O que podem desejar aqueles que têm tudo? Quais são os sonhos de consumo e de conquista de uma mulher capaz de comprar um champanhe caríssimo na festa, ou pagar por todos os custos do amigo com o cartão de crédito da família? Neste drama, os jovens privilegiados se revelam bastante tristes. Possuem poucos amigos, cultura esparsa, nenhum afeto. Cortaram os laços com os familiares, e buscam algum prazer concreto nas festas, onde fazem sexo com garotos de programa escolhidos num tablet, tal qual o prato selecionado num cardápio.
O cineasta Jumpei Matsumoto possui carinho pelos personagens, porém passa longe de qualquer condescendência. Jamais os desculpa, nem justifica de maneira determinista suas ações. Pelo contrário, faz prova de uma observação severa, distanciada, avessa a romantizações. O olhar da câmera, neste projeto, se assemelha àquele do pai certamente bondoso, porém rígido, capaz de deixar os filhos se machucarem no percurso para aprenderem uma valiosa lição com os percalços. Assim, qualquer sentimentalismo passa longe da proposta.

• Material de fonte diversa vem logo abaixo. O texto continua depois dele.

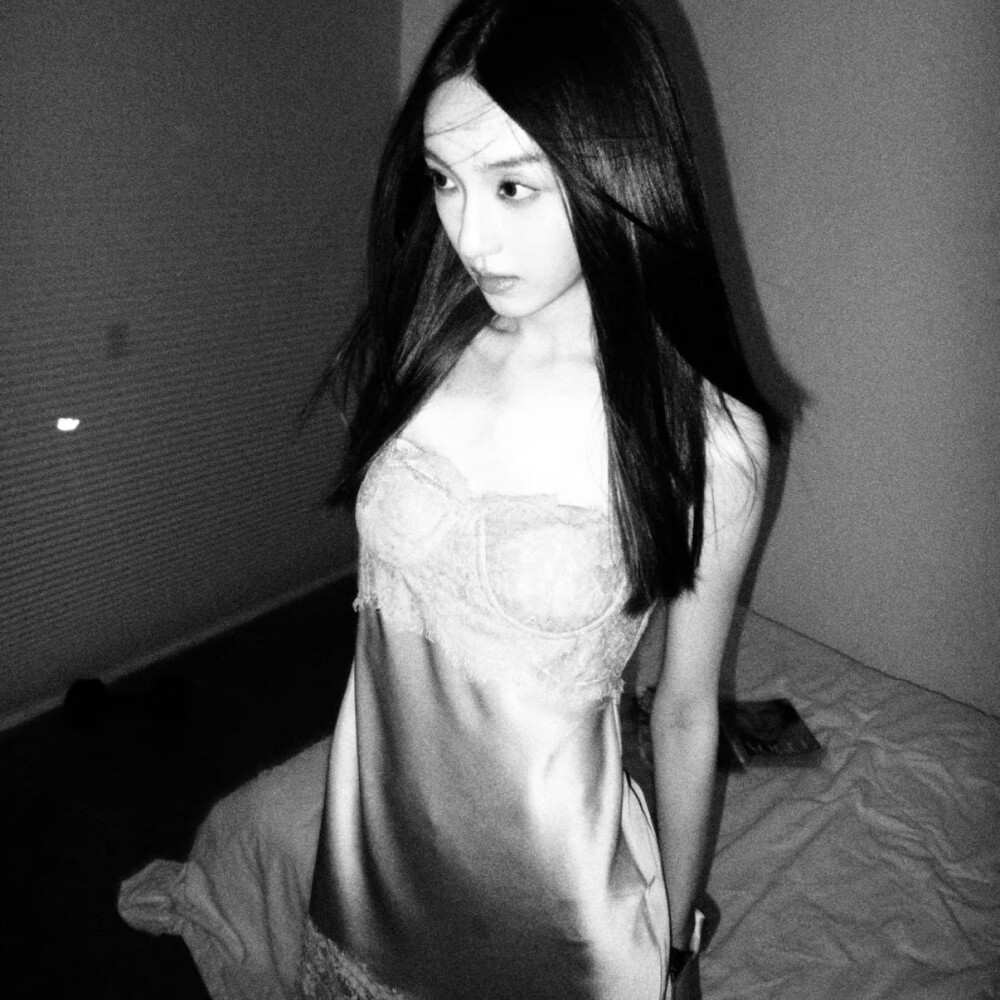 二传注明摇滚羊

A cidade de Tóquio é apresentada no formato de um labirinto a céu aberto. A câmera adora efetuar longos passeios dentro de um táxi (o plano-sequência inicial é impressionante), atravessando diversas avenidas até cruzar com os protagonistas, “por acaso”, ao final dos letreiros. Nunca se sabe ao certo de onde saem os três jovens, nem para onde vão. Eles perambulam a esmo, sem origem nem destino. Dias e noites se confundem, de modo que o espectador perde a noção real de processo ou evolução.
Rodas e Eixos surpreende ao abordar questões viscerais (amar e ser amado, abusar e ser abusado, dominar e ser dominado) por um viés etéreo, lânguido, num torpor permanente.

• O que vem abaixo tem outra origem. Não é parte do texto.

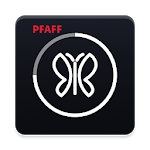 PFAFF® SewNotice APK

Esteticamente, Rodas e Eixos reproduz a impressão de uma ressaca, ou fim de festa, quando os participantes, meio embriagados, meio sonolentos, buscam encontrar o caminho de casa. Por isso, a direção de fotografia se esforça para imprimir detalhes nas baixas luzes, mergulhando os corpos na penumbra sempre que possível. A música se faz constante, porém em baixo volume, e o silêncio impera sobre os diálogos. O trabalho de ambientação constitui um dos pontos altos da obra: estas figuras perdidas são ilustradas com mais eficiência pelas luzes e sons do que pelas reviravoltas do roteiro.
A respeito do texto, ele oferece um inesperado triângulo amoroso entre indivíduos que amam pouco a si mesmos, e abusam física e psicologicamente uns dos outros, pelo prazer de fazê-lo, ou talvez porque sejam capazes de fazê-lo. Existe um caráter tóxico neste triângulo, algo que desperta um desafio considerável a Matsumoto: o cineasta deseja que o espectador se identifique com algum dos personagens centrais, ou apenas os observe de longe, tal qual a câmera prefere fazer? Devemos torcer por eles, temer por eles, ou somente contemplar a pequena ruína sentimental dos burgueses?

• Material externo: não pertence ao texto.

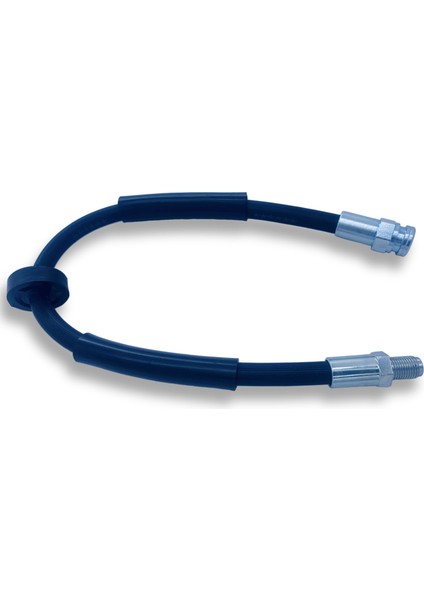 Saab 9000 1992 - 1998 Arka Fren Hortumu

No caso, Manami (Uri Suzuki) escolhe como acompanhante para a noite precisamente o garoto por quem Jun (Masato Yano), o amigo gay, está apaixonado. Após escutar deste que jamais sairia com uma mulher, propõe o sexo a três com Seiya (Atomu Mizuishi). Sabendo que a relação pode ferir Jun, continua vendo o escort a dois. O amigo, rejeitado, se presta ao jogo, se humilha, exige afeto de Seiya, que corresponde de maneira automática às demandas de um e outro (e dos demais clientes da boate). Frequentam-se, não se largam mais. Estabelecem uma codependência nociva em termos sentimentais, porém frutífera no que diz respeito aos conflitos cinematográficos.
Rodas e Eixos surpreende ao abordar questões viscerais (amar e ser amado, abusar e ser abusado, dominar e ser dominado) por um viés etéreo, lânguido, num torpor permanente. Fala-se de sexo de maneira frontal, sem pudores, ainda que as cenas de intimidade sejam frias, dotadas de pouco prazer ou expressividade. O diretor esvazia estas interações de seu conteúdo erótico, restando três corpos jogados à cama, como enfeitiçados, na espera de alguma recompensa indefinida. Eles possuem tudo e todos, porém não desfrutam de nada.
O próprio título decorre de uma metáfora maquínica, tão fria quanto o olhar da direção. Manami compara a si própria e a Jun com rodas — objetos em movimento, instáveis, e incapazes de se conectar sozinhos. Precisariam, portanto, de um eixo capaz de ligá-los e lhes conferir estabilidade. Neste aspecto, entraria Seiya, o rapaz de rosto impassível, que a câmera decide enquadrar de perto apenas na segunda metade da narrativa. Esvaziados de subjetividade, tornam-se peças, necessitando o apoio do homem-mercadoria para se sustentarem em pé.
O longa-metragem recorre a uma bela metáfora para representar o dilema do trio. A peça Madame Edwarda, de George Bataille, é longamente encenada dentro do filme, com direito a planos próximos em cada ator, nos movimentos dos corpos, numa vagina aberta. Escuta-se o texto com atenção, para que o prazer desta prostituta signifique um objetivo de êxtase e de feminilidade aos três protagonistas. Ela experimenta a vida e se entrega aos homens com uma visceralidade que nenhum deles consegue demonstrar. É Jun que afirma, primeiro, a vontade de ser como Edwarda. Em seguida, Manami faz o mesmo.
Devido às referências literárias, o roteiro se permite a fragmentação em episódios, introduzidos por epígrafes. No entanto, estes trechos são lidos por Manami, Jun e Seiya, face à câmera, com o celular na mão. É curiosa a maneira como a tradição encontra a modernidade, do mesmo modo que templos religiosos se transformam, adiante, em palco para manifestações eróticas e performances contemporâneas. Matsumoto brinca constantemente com o sagrado e o profano, a tradição e a modernidade.
Por fim, desenha uma espécie de filme de fantasmas, povoado por jovens deprimidos, desesperados por alguma forma de conexão. “Vou te salvar deste mundo sem sentido”, “Eu sou falso. Queria tanto ser verdadeiro”, declamam os diálogos. “Acho que eles estão felizes, mesmo num lugar tão sufocante”, pressupõem os amantes a respeito deles, os outros. Terminarão a jornada em separado, abandonados pela própria câmera que se afasta. O filme os observa, sente sua dor, entretanto, nunca os abraça, nem oferece nenhum tipo de reconforto. A juventude japonesa continua perdida no deserto da multidão solitária.